So, you've made a video recording of a lecture and you’re ready to show it to your students…
How do you make that happen?
First, you need to give it some place to live—a central location where it will be stored (and not lost!) and where your students can access it.
In other words, you need some kind of secure, internet-connected file server with a user interface you and your students can understand. You also need someone to make sure it runs, remains safeguarded from hackers, and has some way of backing up the important work you've stored on it.
So, you somehow get your video file on a server. Now your students want to watch it, but some have laptops, others have iPhones, and one of them even bought something called a Motorola XyBoard.
How will you make sure your video will play on all of those different devices?
You have to convert your video to multiple formats so that any device—iPads, mobile phones, PCs, etc.—can read it. Next, you have to create several different versions of each format with differing degrees of quality to account for the variations in data speed among those devices. This process is called encoding: it creates multiple formats and versions of your video to make sure that just about any internet-connected device can play it back.
So, you've managed to encode your lecture. Now your students with high-speed internet can watch a high-quality version of it, and students watching over a slower cell network can watch a compressed version that won't stall out for minutes at a time.
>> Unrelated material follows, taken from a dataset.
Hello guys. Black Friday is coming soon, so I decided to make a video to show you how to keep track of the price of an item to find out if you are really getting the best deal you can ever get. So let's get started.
Whatever device they have, whatever connection speed it’s running—your students can watch it.
That lecture is over an hour long. What if your students watched the first half yesterday and today they want to pick up in the middle?
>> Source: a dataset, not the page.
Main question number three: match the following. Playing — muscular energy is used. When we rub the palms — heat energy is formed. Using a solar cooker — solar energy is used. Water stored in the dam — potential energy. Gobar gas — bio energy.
You have two options: students can download the entire video and sit through the first half while they wait for the second half. Or, you can stream it to them—which lets them jump around within the video and watch what they need to watch. To stream the video, your device needs a way to tell the server “start playing at the 35-minute mark”. What’s more, because different devices stream video in different ways, your server needs to know what kind of device it's talking to.
So, you’ve set up a way for your server to talk to devices, know what kind of devices they are, send them the right files, and let them pick up where they left off—now your students can resume the lecture where they stopped watching yesterday.
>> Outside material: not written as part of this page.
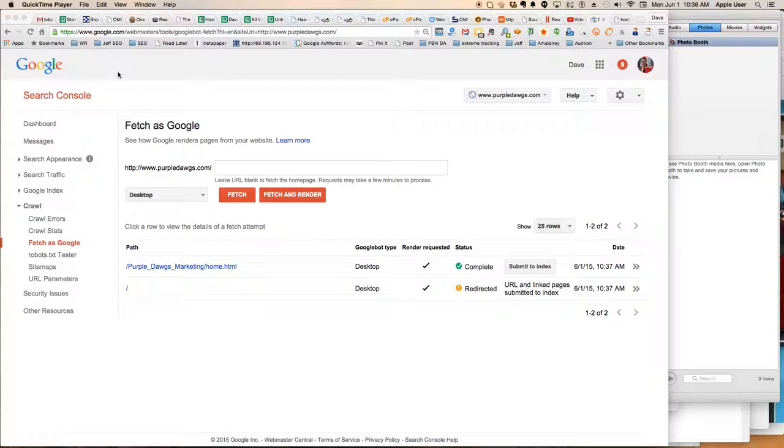So this is about 24 hours later. It's still not indexed. So we're going to Webmaster Tools where we have validated the site and we're doing some crawl, fetches Google, fetch and render.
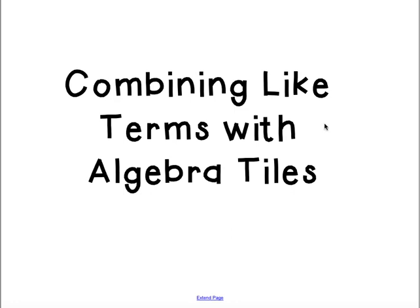This video is about combining like terms with our basic algebra tiles: our unit tile, our x tile, and our x squared tile.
What if you’re on the East Coast and you have distance students watching your video while sipping Kona coffee in a café in Hilo, Hawaii? And what if the server connection to the café’s wifi is slow as molasses?
Despite how little it seems physical matters affect the internet, if your video server is 6,500 miles away from your student, that will cause lags that result in delivery of a lower-quality video. If you want to your students to access the highest-quality video possible, you need a Content Delivery Network (CDN). A CDN maintains “edge” locations in multiple areas around the world. When a far-off somebody watches one of your videos, the CDN copies that particular file to the nearest edge location, allowing for a much swifter data transfer. And that lets your faraway distance students get a much quicker stream than if they were streaming it from your server.
So, you connect your file server setup to a CDN, ensuring the best connection between your students and your lecture. But what if... well, enough of that for now.
And that's how you make it happen. Your lecture is stored and backed-up, is encoded and optimized for streaming to multiple kinds of devices, and has the fleetness of a CDN to get it to your students regardless of their location. And all you needed...
- ...was a file server
- worthwhile encoding software
- a way to intelligently stream your videos
- a CDN to help get that lecture to everyone who wants to watch it
- oh, and IT staff to make the whole thing run like a top
Get your calculator.
You can also make it happen using Populi's built-in file storage and media streaming.
It handles everything mentioned above—and then some. With it, all you need to do is record your lecture, upload it, and start using it. We do everything else:
- Store your original file in the Amazon Cloud and back it up to the Rackspace Cloud
- Convert it to multiple formats so different devices can play it
- Make multiple copies in each format, each compressed to a different quality
- Configure everything for streaming so your students can skip around within the video
- Send all files through Amazon's CloudFront CDN
- Create an embed code so you can easily add it to your courses
Populi makes your audio and video files far more useful and accessible to your school for a fraction of the effort and—given the complexity of a home-grown setup—a fraction of the cost. Every pricing plan includes an allotment of file storage, and extra storage is available for $2.50** $1 per GB per month. And since we've done all the hard, behind-the-scenes stuff***, there's no setup on your end whatosever—you can just start using it.
* Flash-enabled devices, for instance, use a protocol (a formally-defined language that lets computers talk to each other) called RMTP to tell the server, “start here.” iOS devices—iPhones, iPads, etc.—require that the video be split into dozens or hundreds of chunks; they then request the video start playing with the correct chunk (the one containing the 35-minute mark).
** Price per GB was changed as of July, 30 2012. Read more.
*** We even designed our own encoding software.